▸ Work to complete: Print the data exactly. Pictures stay out.

▸ Dataset section:
==========
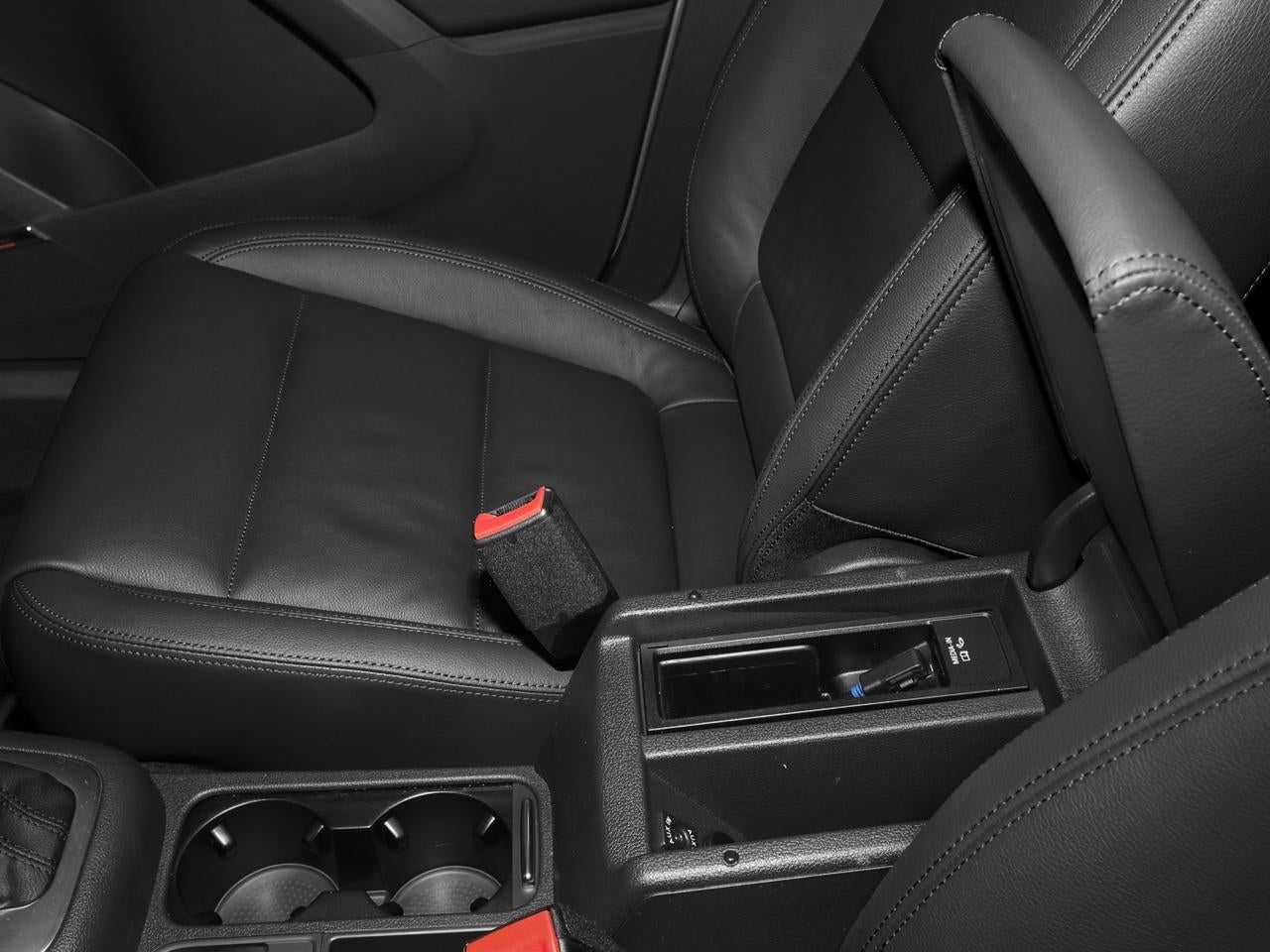 2017 Volkswagen Tiguan 2.0T Wolfsburg Edition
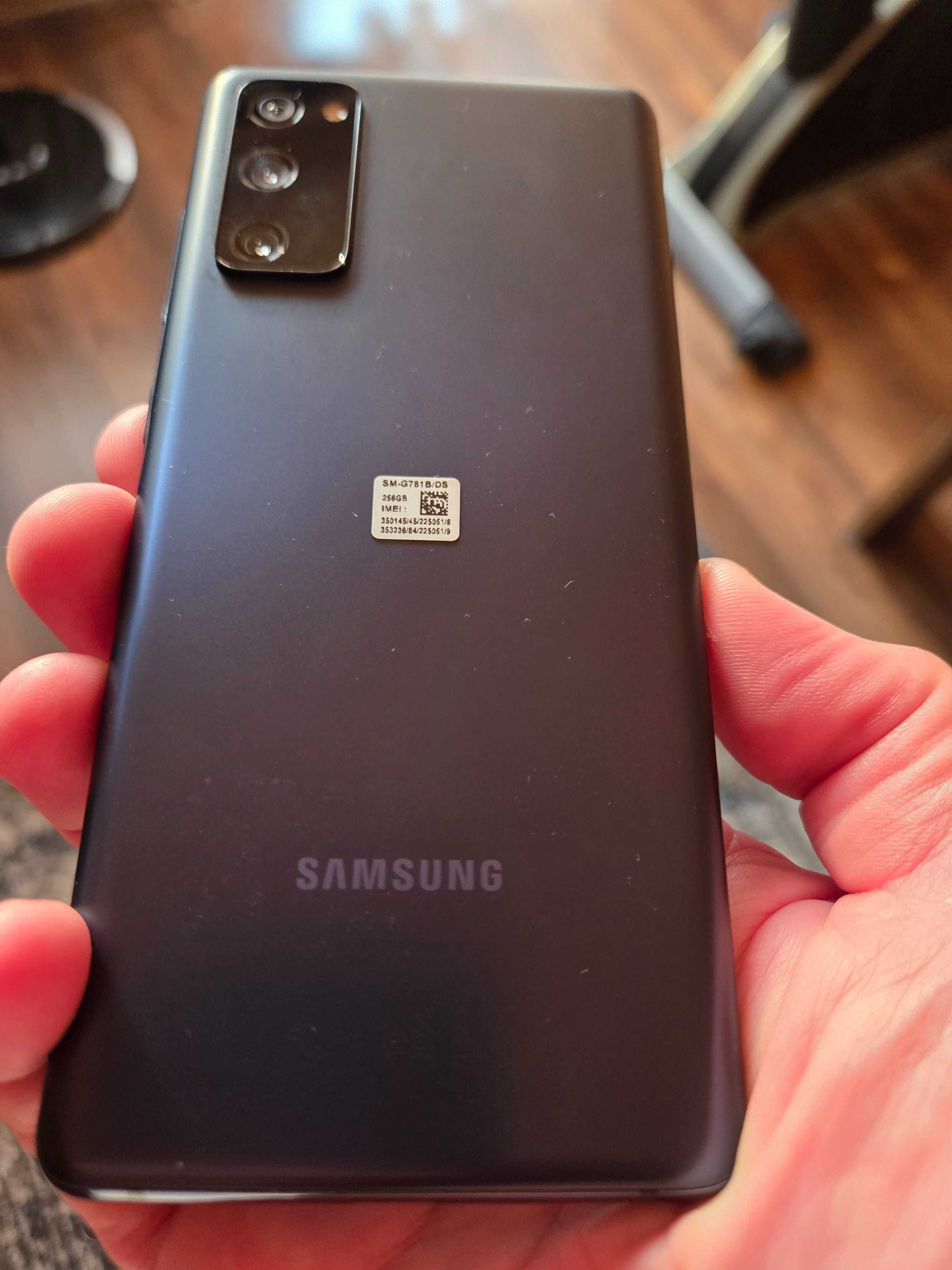 Samsung Galaxy S20 FE 5G 8/256GB Dual Sim + oryginalne etui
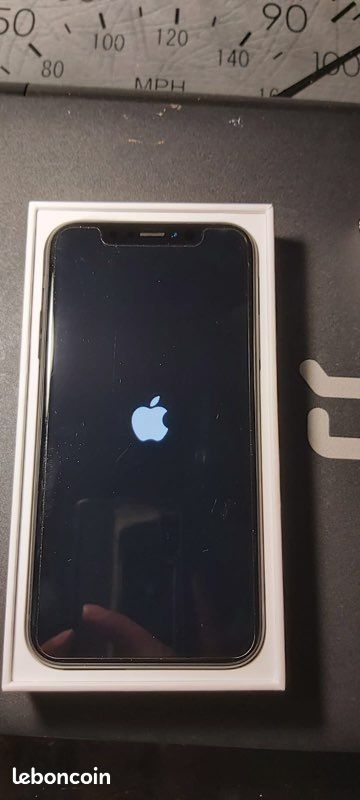 IPhone XR Noir 64Go (image 3)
==========
▸ Task answer:
 2017 Volkswagen Tiguan 2.0T Wolfsburg Edition
 Samsung Galaxy S20 FE 5G 8/256GB Dual Sim + oryginalne etui
 IPhone XR Noir 64Go (image 3)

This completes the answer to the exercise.